İmamlardan (müçtehidler) hiçbiri, “Benim kabul ettiğim görüşe ve içtihadıma tabi olun” dememişlerdir. Bilakis, “Bizim aldığımız kaynaklardan siz de alınız” demişlerdir. Bu mezheplere sonraki asırlarda birçok anlayışlar eklendi.
Bunlar arasında da çok hatalar vardır. Öylesine farazi (hayali) meseleler vardır ki, intisap ettikleri mezhep imamlarından birisi o hataları görse o mezhepten ve o kişinin söylediklerinden uzak dururdu.

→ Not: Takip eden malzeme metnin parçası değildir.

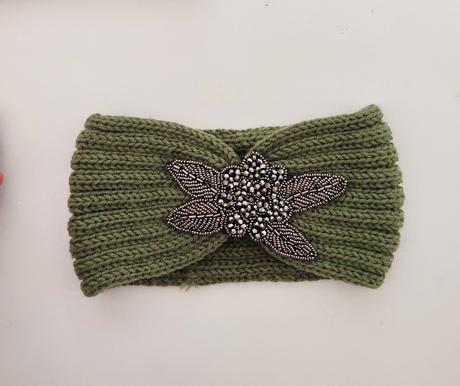 Pletená čelenka, 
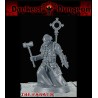 The FANATIC w / Pyre! 28mm RPG miniatures DARKEST DUNGEON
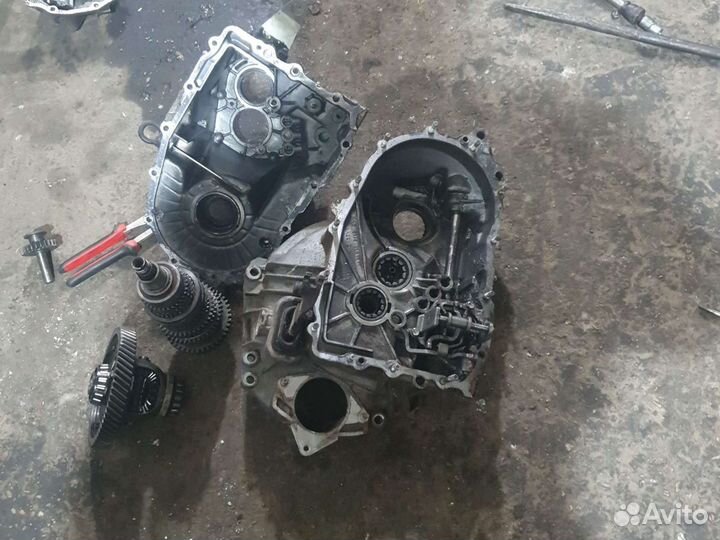 Корпус кпп приора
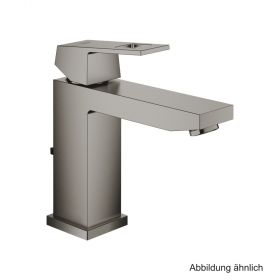 GROHE Eurocube EH-Waschtischbatt. mittelhoch hard graphite geb., 23445AL0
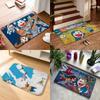 Cartoon D-Doraemons Kitchen Floor Mat Footpad Mats Style Soft Bedroom Floor House Laundry Room Mat Anti-skid Household Carpets
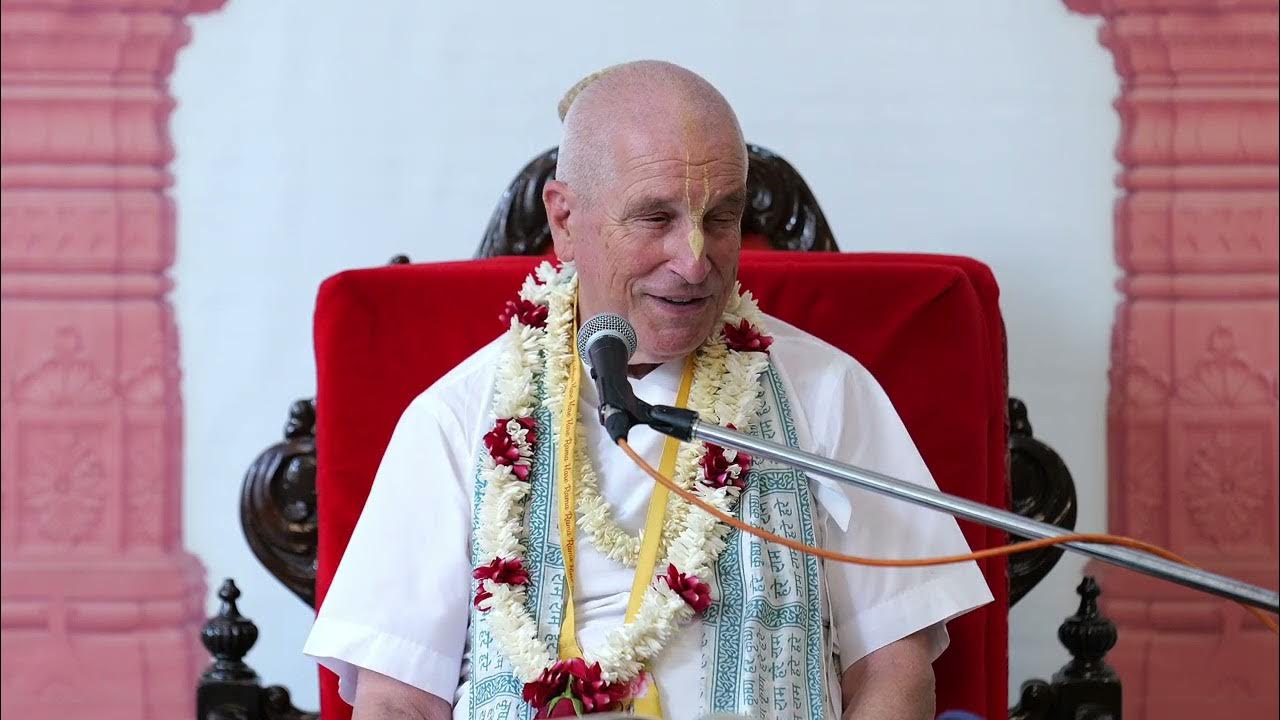 Srimad-Bhagavatam 11.2.50: Conquer Desire and Ego—Insights from H.G. Dinabandhu Prabhu
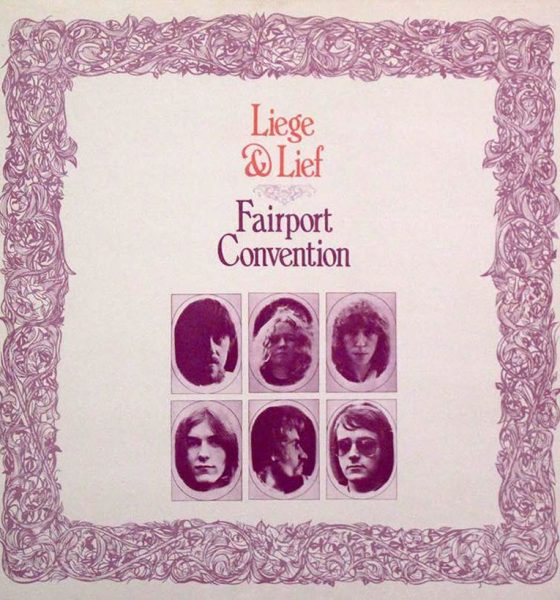 Fairport Convention 'Liege & Lief' artwork - Courtesy: UMG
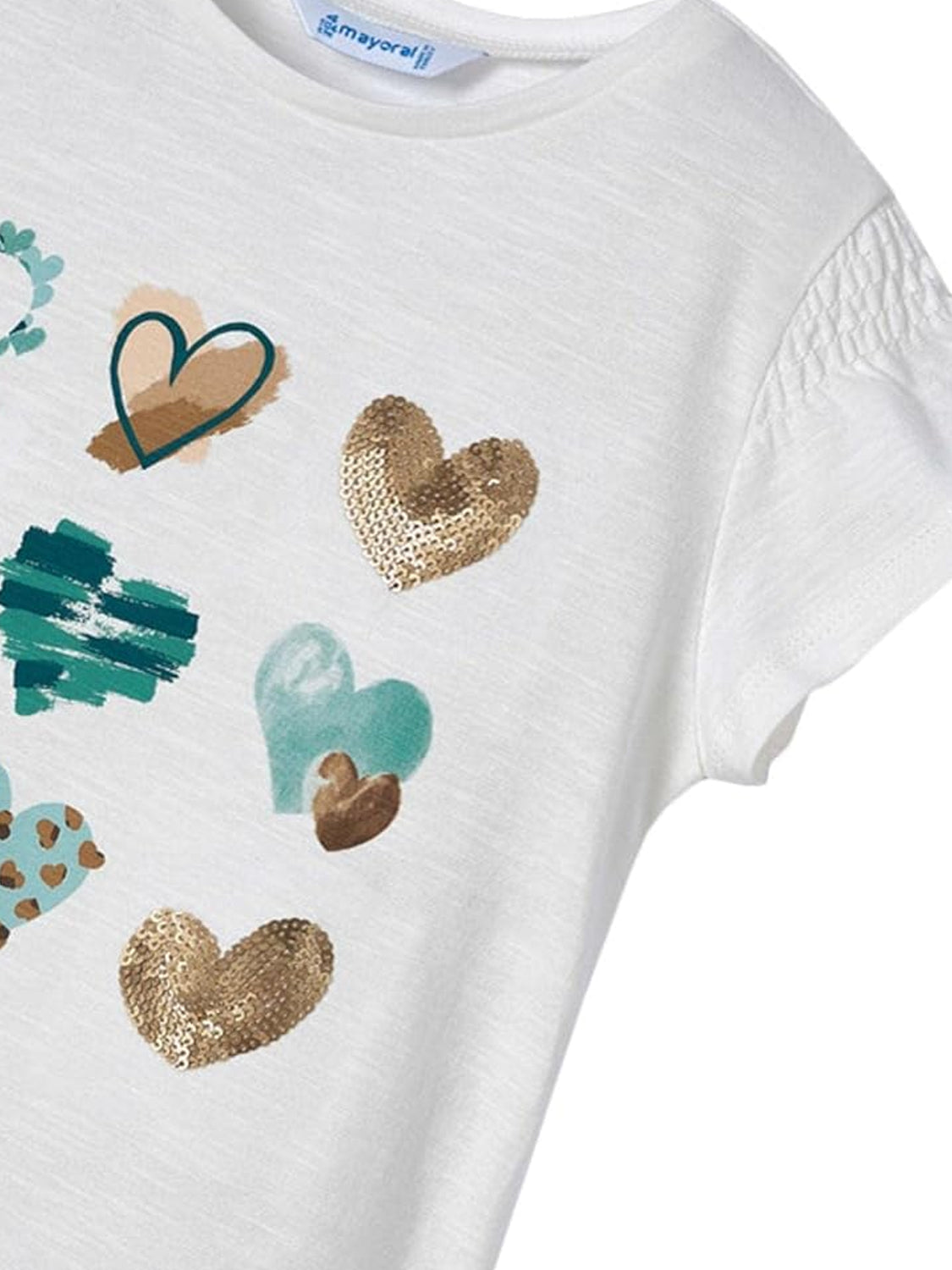 T-Shirt Weiß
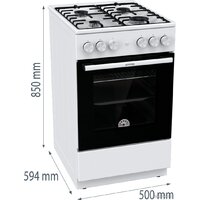 Кухонная плита Gorenje GG5A12WH - Превью изображения №17 — Интернет-Магазин TECNO.BY
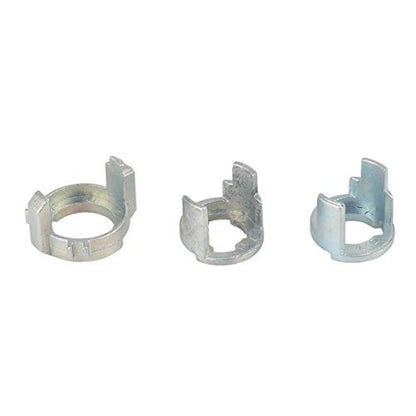 X AUTOHAUX Door Lock Cylinder Repair Kit for BMW 3 Series E46 318i 328i M3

Selef imamlarından ilim ve dini muhafaza edip koruyan herbir imam, Kitap ve Sünnetin zahirine sarılmış, insanları Kur’ân ve sünnete sarılmaya ve onlarla amel etmeye teşvik etmiştir, imam Ebu Hanife, İmam Malik, İmam Şafiî, Ahmed b. Hanbel, Süfyan es-Sevrî, Süfyan b. Uyeyne, Hasen el-Basrî, Ebu Yusuf, Muhammed b. Hasan eş-Şeybanî, el-Evzaî, Abdullah b. Mübarek, Buharî, Müslim ve diğer birçok imamlardan böyle sabit olmuştur. Bunlardan her biri; din konusunda bid’atlerden ve masum (hatasız) olmayan kişileri taklid etmekten sakındırmışlardır. Masum olan sadece Rasûlullah’tır. Onun dışında kim olursa olsun masum değildir. Masum olmayan kişilerin, Kitap ve Sünnet’e uygun olan sözleri kabul edilir. Bu ikisine muhalefet edenler ise, kim olursa olsun sözlerine itibar edilmez.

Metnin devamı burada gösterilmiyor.